Oshawa was a food retail, wholesale, and distribution firm, and was founded in 1951. Before unusual items, the earnings after tax from continuing operations were $40.1 million on revenue of $6.8 billion in fiscal 1998, but after tax, earnings from continuing operations were $54.6 million on revenue of 6.0 billion in 1997. The corporation was separated into a grocery division, Agora Food Merchants, and a food service division, SERCA Foodservice. Agora was Canada’s second largest food retailer and was responsible for 82 per cent of Oshawa’s revenues in 1998. SERCA Foodservice was Canada’s largest foodservice business.
The current ratio for Empire is 0.74. Which means that the company has $0.74 in assets for every $1 in liabilities. Empire has a quick ratio 0.44 which means that the company has poorer liquidity due to higher debt levels. The activity ratio for Empire is 1.8. The debt ratio is 12.7. The debt ratio measures total debt to total assets which means that the firm has a lower borrowing capacity and thus, lower financial flexibility.

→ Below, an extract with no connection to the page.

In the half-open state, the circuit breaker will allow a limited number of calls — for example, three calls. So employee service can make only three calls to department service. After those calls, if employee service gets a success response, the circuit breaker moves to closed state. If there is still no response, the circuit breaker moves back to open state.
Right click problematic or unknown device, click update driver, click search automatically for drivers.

An equity multiplier of 1 means that the firm is fully financed by equity and the larger the equity multiplier, the more the firm is financed by debt. For Empire, the equity multiplier for the firm is 0.87 meaning that the firm is highly financed by debt. The interest coverage ratio is 2.2 which means that although the firm is heavily financed by debt, they are sufficiently able to meet their interest expenses. The firm’s net profit margin is 2.6% which means that for every $1 of sales, the firm makes 26 cents in net income. The return on assets is 5%. The return on equity is 17%.

To come up with an assessment of Oshawa’s value, we used two discounted cash flow analyses (DCF), the precedent transactions analysis, the capitalized earnings analysis, and the comparable transactions analysis. Using as many approaches as possible to value a company will give us the best idea as to the closest true value of Oshawa.

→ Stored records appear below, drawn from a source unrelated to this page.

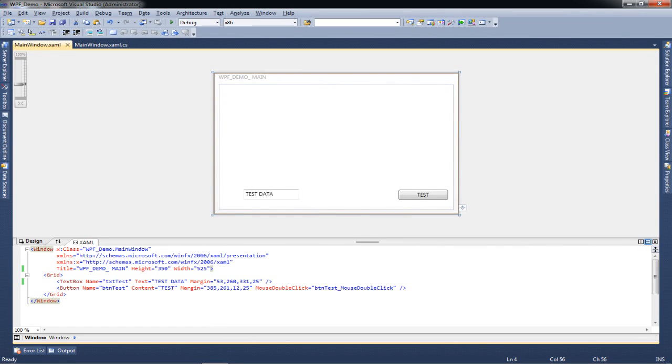Hey guys, welcome to yet another tutorial about WPF applications and this time around I'm going to show you some designing techniques that you need to know and you need to understand to create very good and acceptable WPF applications.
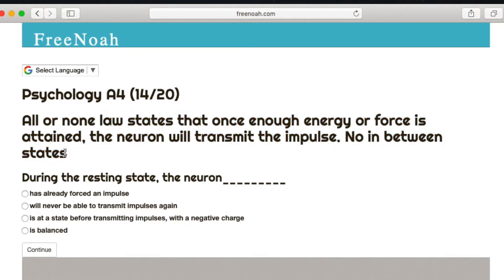No in-between states. As neurons communicate with one another through these impulses, they must have either all energy or none — no energy. There is no in-between. There's no half energy, there's no quarter energy.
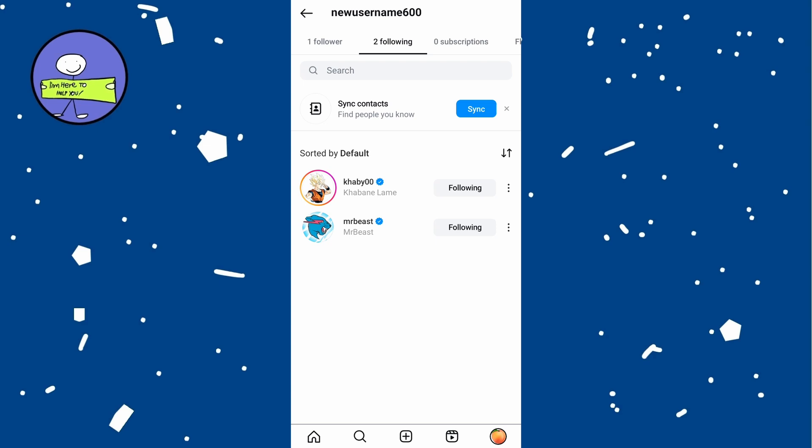If you remember the name or username of the account you unfollowed, tap on the search icon at the bottom and type in the name to find and follow them again.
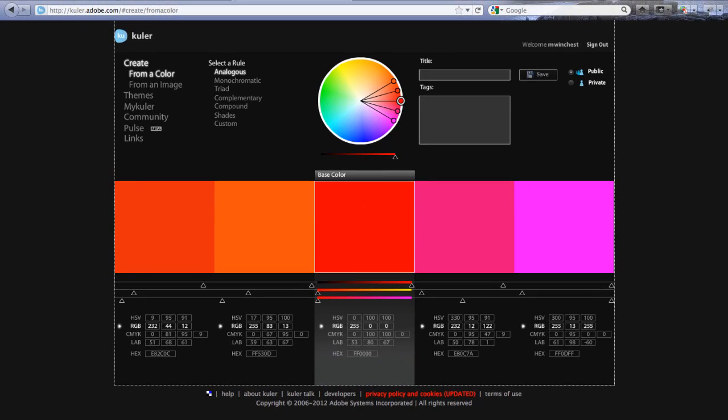I'm going to show you a cool way of picking colors using the Adobe Cooler site. That's K-U-L-E-R dot Adobe dot com. Don't put in a www because it won't work.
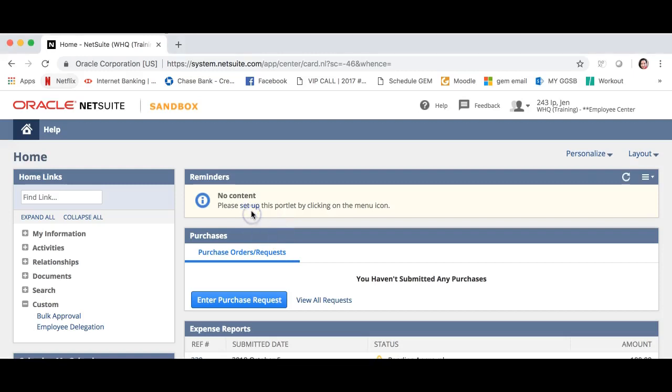You will use this video if you're in charge of approving the expense reports of others. Let's begin. There are two ways you can approve an expense report.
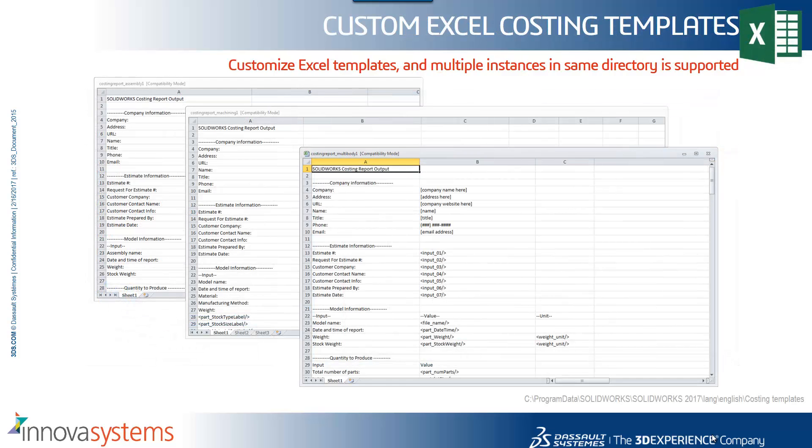We now also have the ability to customize Excel templates and store multiple instances in the same directory.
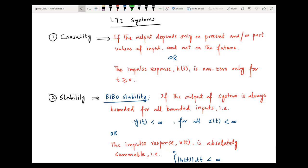Causality means that if the output of any LTI system depends on only the present and/or past values of the input, and not on the future, then we say the system is causal. The same condition can also be checked differently: if the impulse response h(t) of any LTI system is non-zero only for t greater than or equal to zero, then the system is causal. If any LTI system is not causal, then that system cannot be realizable — it cannot be implemented practically.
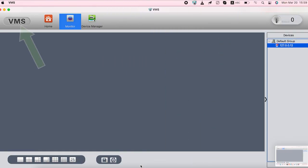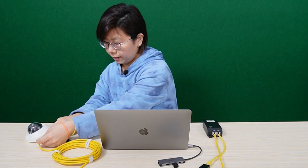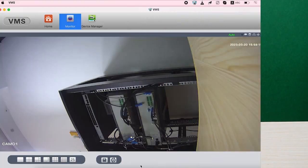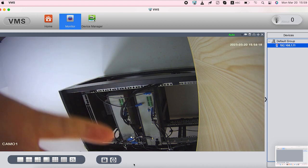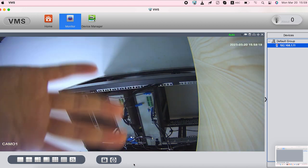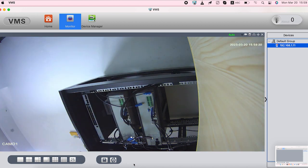I already installed the software. Let's connect everything tight and it should go online shortly. Here we go — we can see the camera is alive and we are set to go.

In the first discounted cash flow analysis (DCF), which included our future projections of Oshawa’s cash flows over a five year period, we took a look at their terminal value based upon EBITDA and their cost of equity and cost of debt in an attempt to reach an accurate value of Oshawa (see Exhibits 1 and 2) . We performed this first DCF analysis based on Oshawa as a stand-alone entity in order to assist in finding an intrinsic value of Oshawa relative to its current market value; we did not take into account any synergies that Empire’s acquisition of Oshawa would result in. In order to reach our final DCF, we needed to evaluate the Evaluation Period, Valuation Data, Terminal Multiple, Terminal growth rate in perpetuity, WACC, and cash taxes. After calculating all of this, the enterprise value of Oshawa, not including synergies, was found to be $1355.31 million or a price per share of $31.2 (see Exhibits 4 and 5).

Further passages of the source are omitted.